The next reason why taking a break from coffee may be beneficial is to lessen the load on your adrenals. The adrenal glands produce hormones that help regulate important functions like your metabolism, immune system, blood pressure, and response to stress. Two hormones that the glands produce are cortisol and adrenaline. Cortisol helps your body respond to stress and adrenaline helps your body react to stress. Both are vitally important for survival, but we’d like these levels to drop when we don’t need them (sleep anybody?). Constantly having high levels of both cortisol and adrenaline throughout the day is taxing on the adrenals and the body.

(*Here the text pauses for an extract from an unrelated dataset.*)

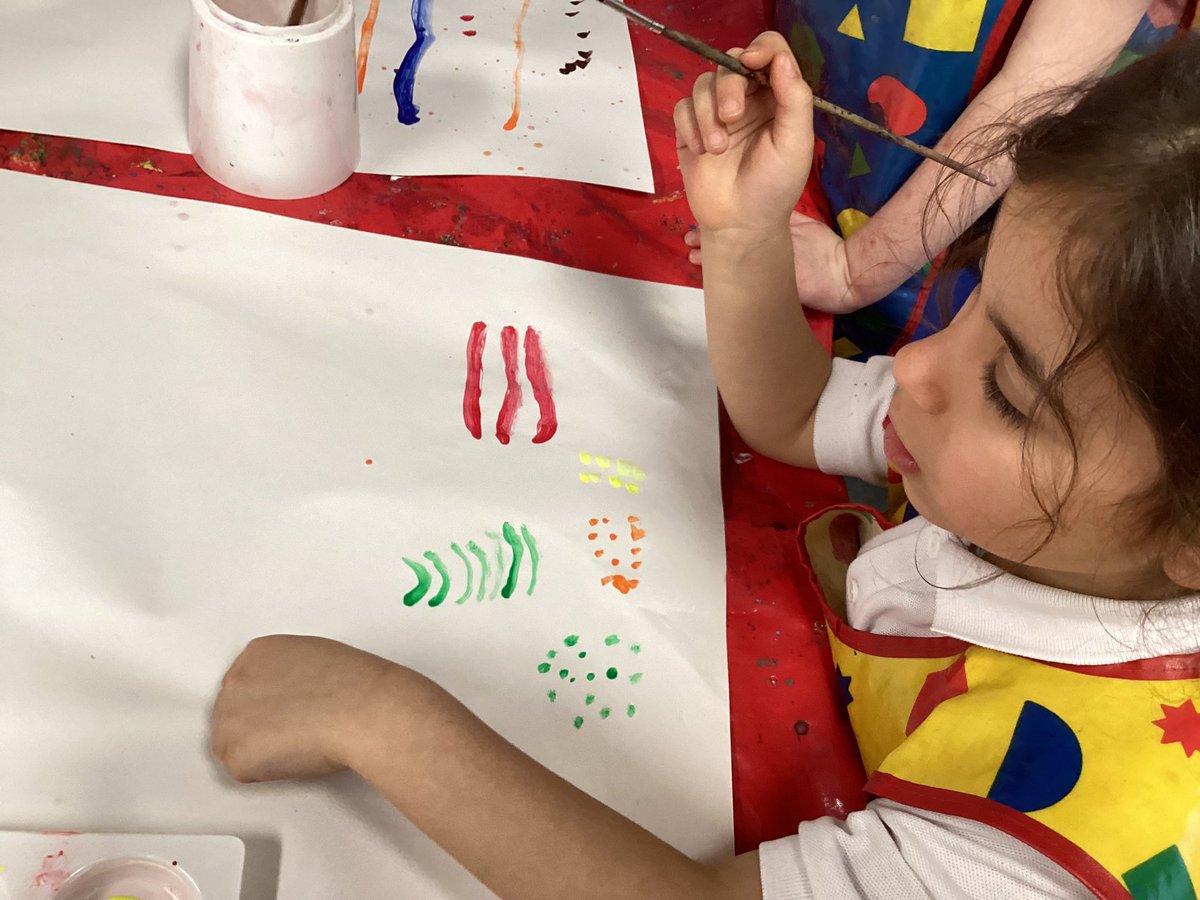 badgers_Y1Y2Stl's tweet image. Butterflies have been exploring different brush strokes by applying different amounts of pressure. Smooth, sweeping, thin and wide strokes are just some of the techniques they have been practising. @stlaws_school #stlart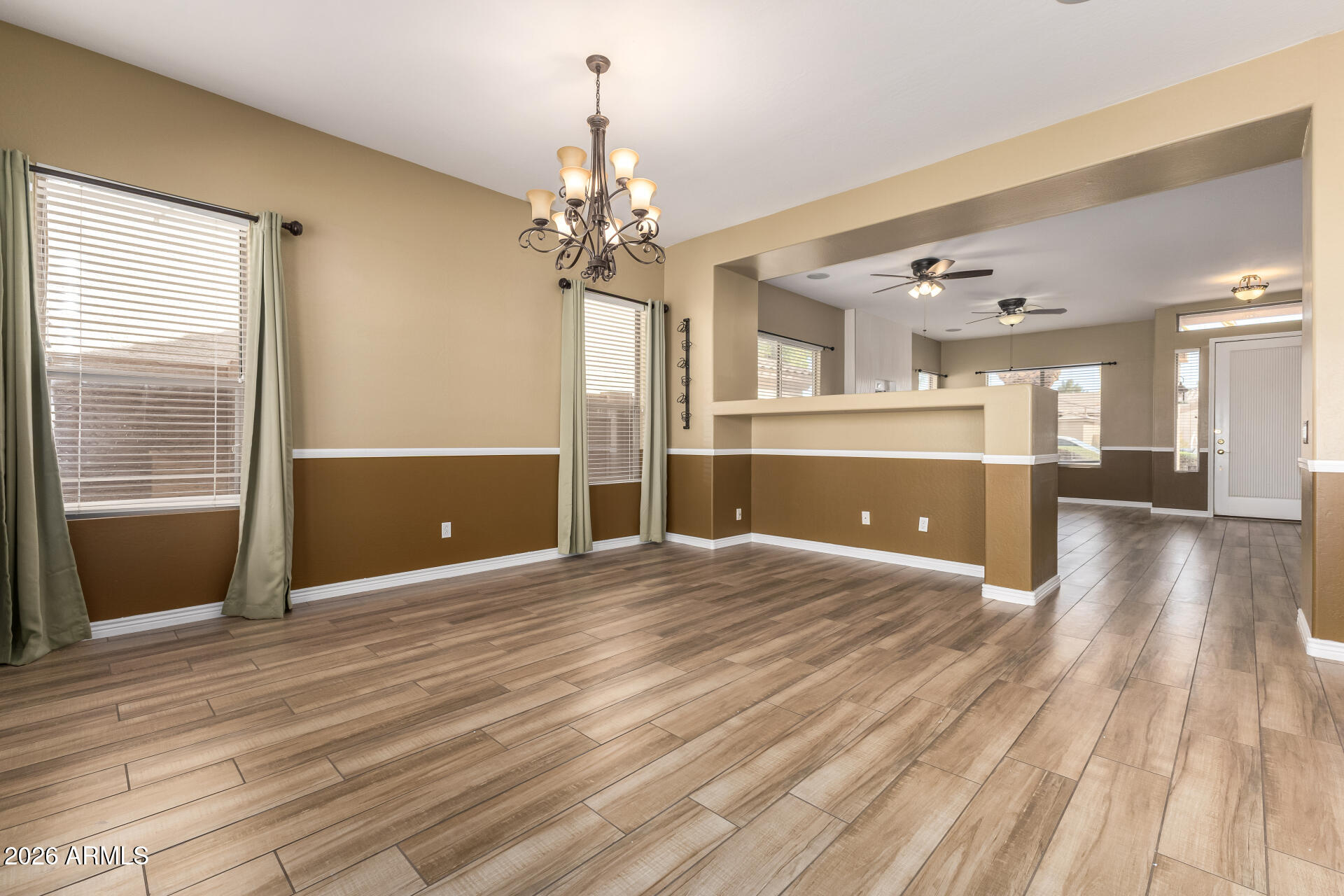 1644 East Orangewood Street Gilbert, AZ 85296 - Photo 12 of 40 11 - Orangewood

Coffee comes into play because constant caffeine intake from your java could cause your adrenals to overproduce cortisol and adrenaline. Chronic elevated levels of cortisol can cause weight gain, anxiety, depression, digestion problems, and sleep issues mentioned by Bekka Wiedenmeyer in her blog. If you have a lot of stressors in your everyday life to begin with, as most people do, having cup after cup of coffee is most likely putting your adrenals into overdrive.
Lastly, it would be prudent to look at the type of coffee you are consuming and what you’re putting into your coffee. The quality of your coffee, like anything you consume, matters. Many commercial brands of coffee contain mold and drinking moldy coffee would instead be reversing those super powers you were hoping to attain from coffee. Look for coffee that has been harvested in the mountains, at high levels where mold is less apt to grow (beans from Central America are generally good). Pick arabica beans over robusta as robusta beans have higher levels of mycotoxins, a type of fungi that is a major disruptor for our gut, brain, and body. Also, take a look at what you are adding to your coffee. Artificial sweeteners and creamers loaded with dangerous vegetable oils and added sugars are kryptonite to the body.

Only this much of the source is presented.